Normalerweise kommen Kinder, die ihre Altersgenossen nicht gut behandeln, aus Familien, deren Bildungsstil an einem der extremsten Punkte liegt, oder maßgebend oder tolerant. Nach den Schlussfolgerungen, die in den letzten Jahren aus verschiedenen Erfahrungen gewonnen wurden, haben sie im ersten Fall gelernt, dass die Kommunikation mit anderen durch die Auferlegung ihrer eigenen Meinungen erfolgt.

Die am meisten akzeptierte Klassifikation der Bildungsstile teilt sie in durchsetzungsfähig (setzt Grenzen und Konsequenzen ausgewogen fest), nachsichtig (er entschuldigt sich für alles Verhalten und begründet seine Beziehung zu den Kindern emotional), autoritär (übermäßige Kontrolle und starre Folgen) und freizügig (Wenig Kontrolle ohne Konsequenzen).


Kinder, die im permissiven Erziehungsstil aufgewachsen sind, haben sich daran gewöhnt, zu tun, was sie wollten, wenn sie wollten, ohne daran gehindert zu werden, ihre Wünsche zu erfüllen. Daher ist es wichtig zu definieren, was unsere Erziehungsinteressen als Eltern sind, und entsprechend zu handeln, da das Modell, das wir ihnen geben, einen entscheidenden Einfluss darauf hat, wie sie mit ihren Klassenkameraden kommunizieren.

Warum ist es so schwer, den Defekt bei unseren Kindern zu erkennen?

In atavistischer Weise wird in unserer westlichen Kultur unter dem Begriff "guter Vater oder gute Mutter" die Haltung verstanden, Kinder in allen Situationen und in allen Bereichen zu verteidigen. Ein guter Elternteil sucht jedoch nach dem, was für das Wachstum und die Entwicklung seines Kindes am besten ist Entwicklung als Person. Bei diesen Bildungszielen geht es um die Korrektur einer Haltung, die für ihn nicht gut ist.


Manchmal zögern Eltern, das Problem zu sehen, das ihr Kind darstellt, weil es nicht mit dem Bild übereinstimmt, das sie vom Kind haben, und sie fühlen es als ein Bedrohung oder Kritik in Richtung der Familie. In anderen Fällen "fürchten" die Eltern selbst die Reaktion des Minderjährigen auf die Korrektur und vermeiden es, sich dieser zu stellen.

Um Kinder zu glücklichen und sozial qualifizierten Erwachsenen zu erziehen, sind jedoch Korrekturen und Selbstanalysen erforderlich, um zu sehen, wo wir besseres erreichen können. Angesichts der Unsicherheit, wie wir handeln sollen, wenn wir glauben, dass unser Sohn seine Gefährten nicht angemessen behandelt, können wir zu einem Fachmann gehen, der uns in ein oder zwei Sitzungen auf einfache Weise über die Festlegung von Normen und Konsequenzen in der Familie informiert.
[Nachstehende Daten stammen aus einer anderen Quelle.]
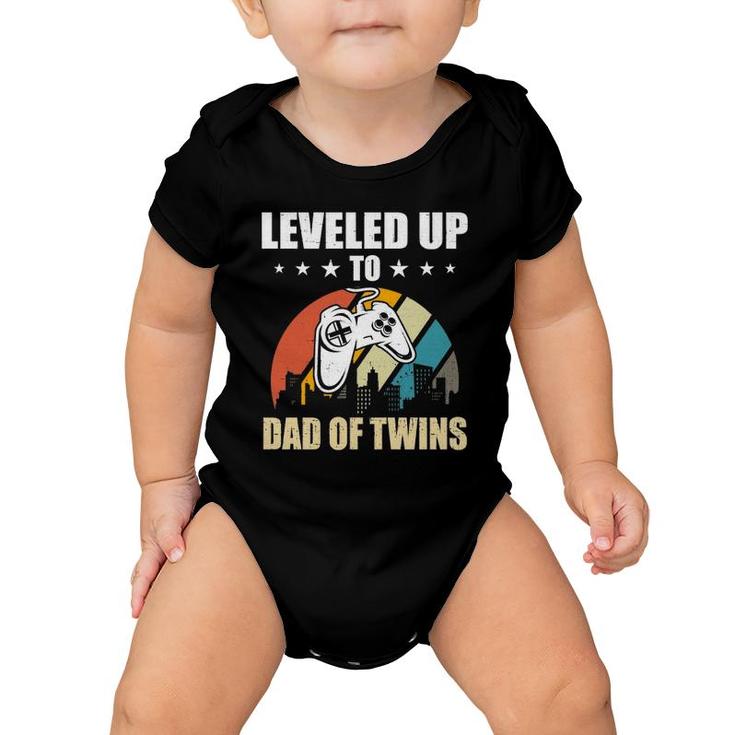 Leveled Up To Dad Of Twins Video Gamer Gaming  Baby Onesie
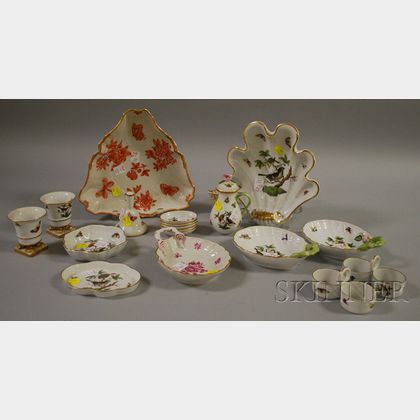 Eighteen Pieces of Assorted Herend Hand-painted Porcelain Tableware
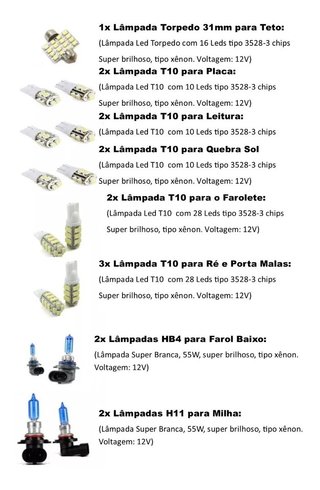 Kit Lampada Led + Super Brancas Toyota Corolla (até 2013)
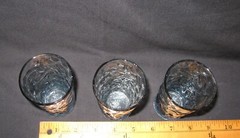 Vintage Anchor Hocking Milano blue/gray tumblers lot of 3, approx. 3 7/8″ x 2 1/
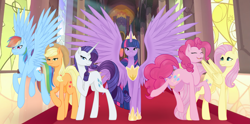 Size: 4801x2379 | Tagged: safe, artist:cp-the-hunter, applejack, fluttershy, pinkie pie, rainbow dash, rarity, twilight sparkle, alicorn, earth pony, pegasus, pony, unicorn, g4, female, group, high res, horn, mane six, mare, sextet, spread wings, tall, twilight sparkle (alicorn), what if, wings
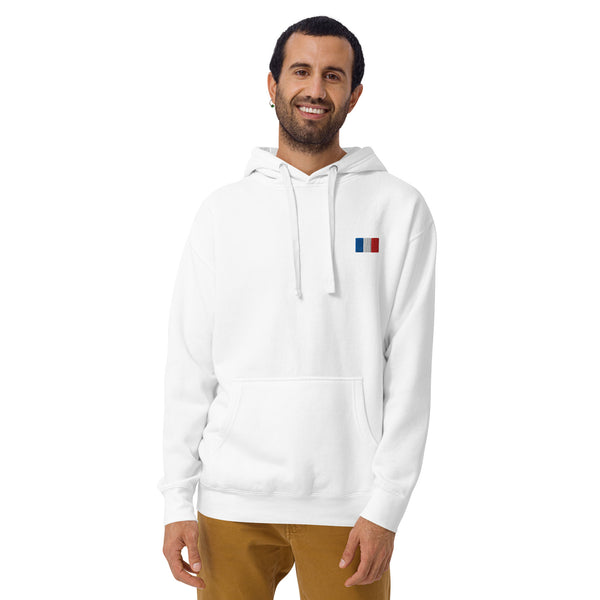 Sweat à capuche premium France brodé unisexe – Coton blanc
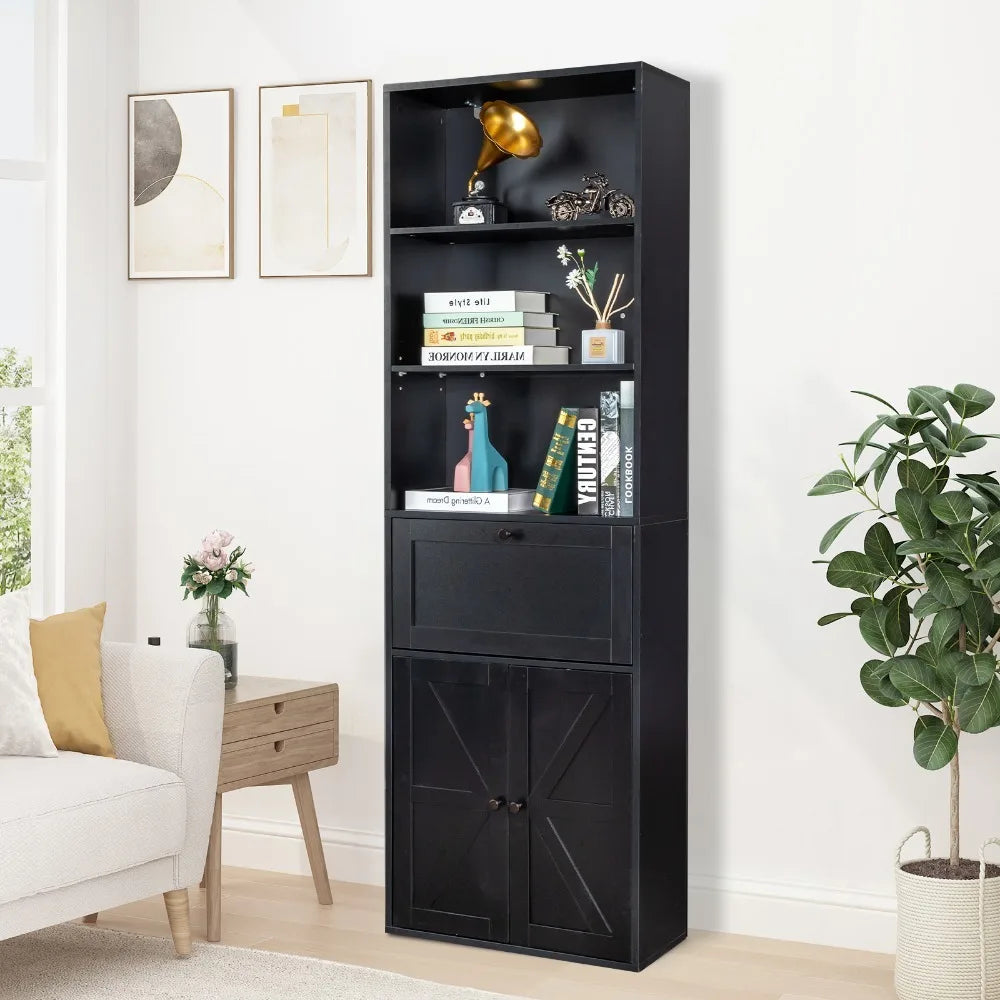 3-Layer Double Z Cabinet with Drawer – Black 60×180cm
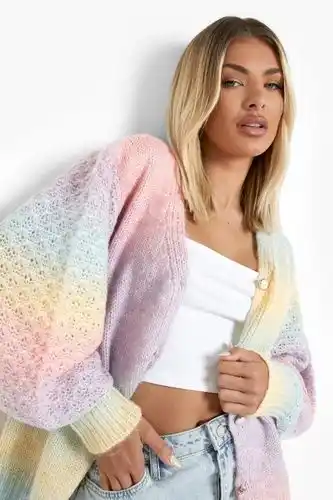 Boohoo Boohoo womens soft knit ombre puff sleeve cardigan - pink - s, pink offer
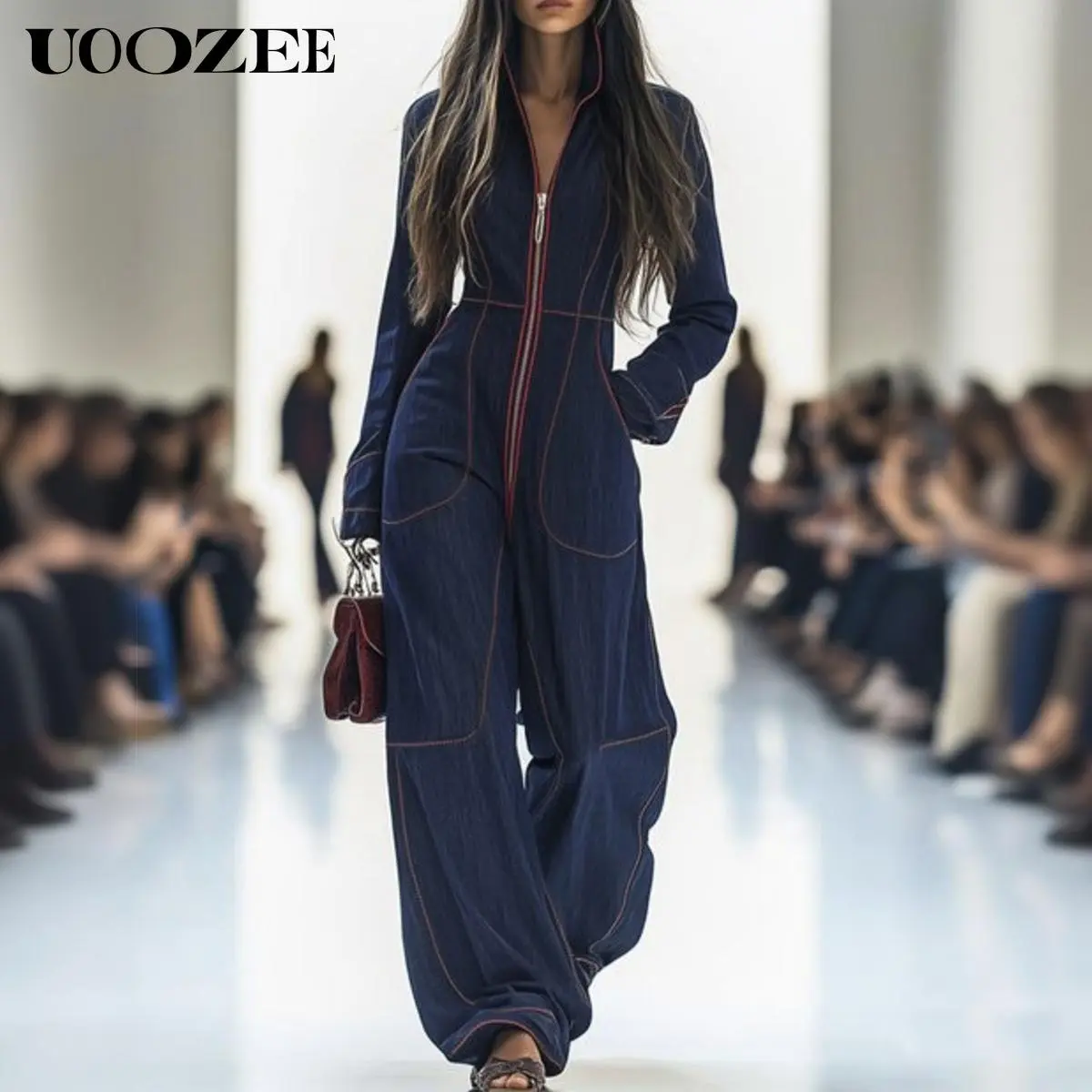 UOOZEE Women's Light Coveralls, Jacket-Style Mock Neck Jumpsuit with Wide Leg Pants & Contrast Stitching in Stretch Rayon, Long Sleeve, Cap, Strappy, Colorblock, Wide Legs, Spandex, Minimalist, Fabric, Pockets, Coverall Suit, Elastane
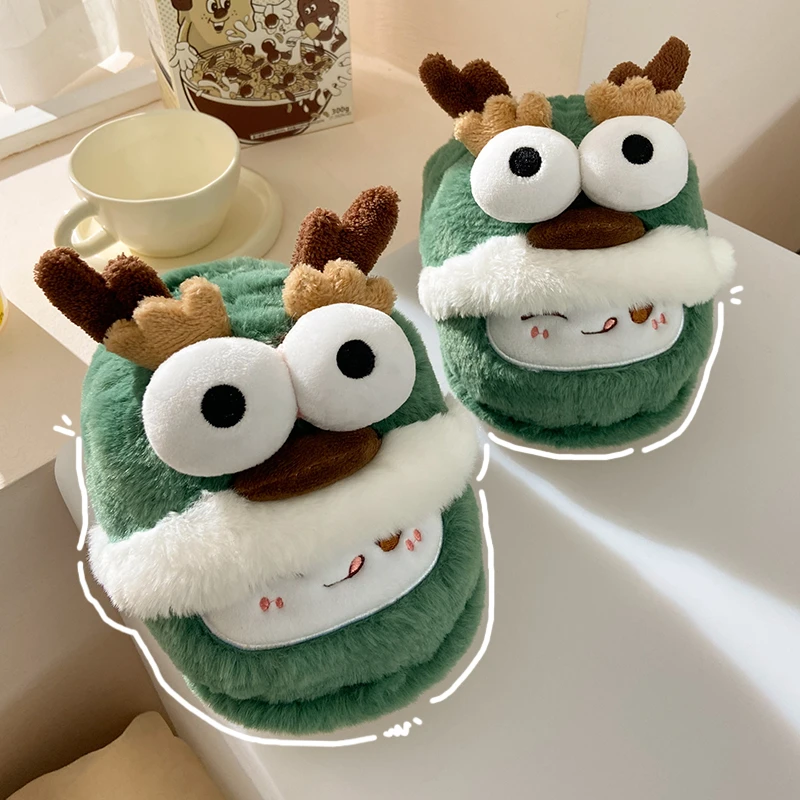 可爱圣诞麋鹿棉拖鞋女冬ins时尚居家室内地板拖防滑毛绒绒拖鞋冬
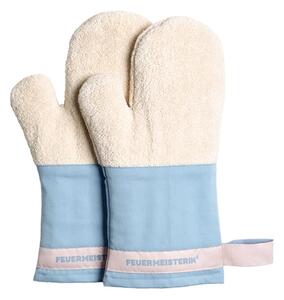 Feuermeister Kuchyňské rukavice Premium modré + Textilní kuchyňská zástěra Premium modrá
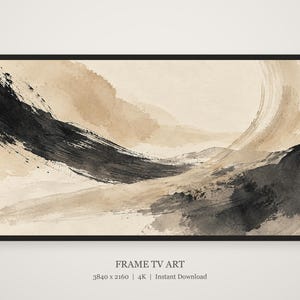 Neutral Ink Brushstrokes Abstract Frame TV Art, Japanese Wall Decor, 4K Digital Download (3 Formats) image 5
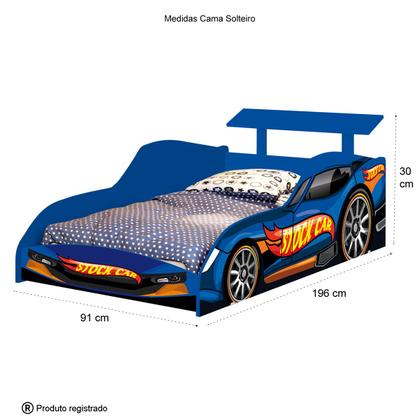 Imagem de Cama Solteiro Infantil Junvenil 188 x 88 cm  Com Colchão Menino Carro Corrida Stock Car Azul  Facil Acesso Quarto de Criança proteção lateral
Bilden Sie vom ersten Tag an, um keine giftigen Kinder zu haben

Nicht haben "giftige Kinder"das macht das Leben für andere unmöglich, der Schlüssel liegt darinDucarles in Werten vom ersten Tag an. Die Lehren, die wir unseren Kindern geben, darüber, wie sie sollen benehmen Sie sich im Hof Während der infantilen Phase wird der Umgang mit dem Partner, mit dem niemand spielen möchte oder der im Unterricht verspäteter ist, gekennzeichnet, weil er eine Brille trägt oder etwas Fettes, Großes oder Kleines ist. Es ist sehr wichtig, Kindern von klein auf die gleiche Würde aller zu erklären und ihnen klar zu machen, wie wichtig es ist, sich um diejenigen zu kümmern, die sie am dringendsten brauchen.


Kommentare von scheinbar banalen Eltern wie "Sie sind mehr wert als das" oder übermäßiger Erfolgsdruck bei sportlichen Aktivitäten können den Nährboden für einen zukünftigen Hasser bereiten. Wir müssen unseren Kindern die permanente Suche nach Gerechtigkeit einflößen, damit sie jeden Fall von Belästigung, den sie um sie herum sehen, erkennen und mitteilen können.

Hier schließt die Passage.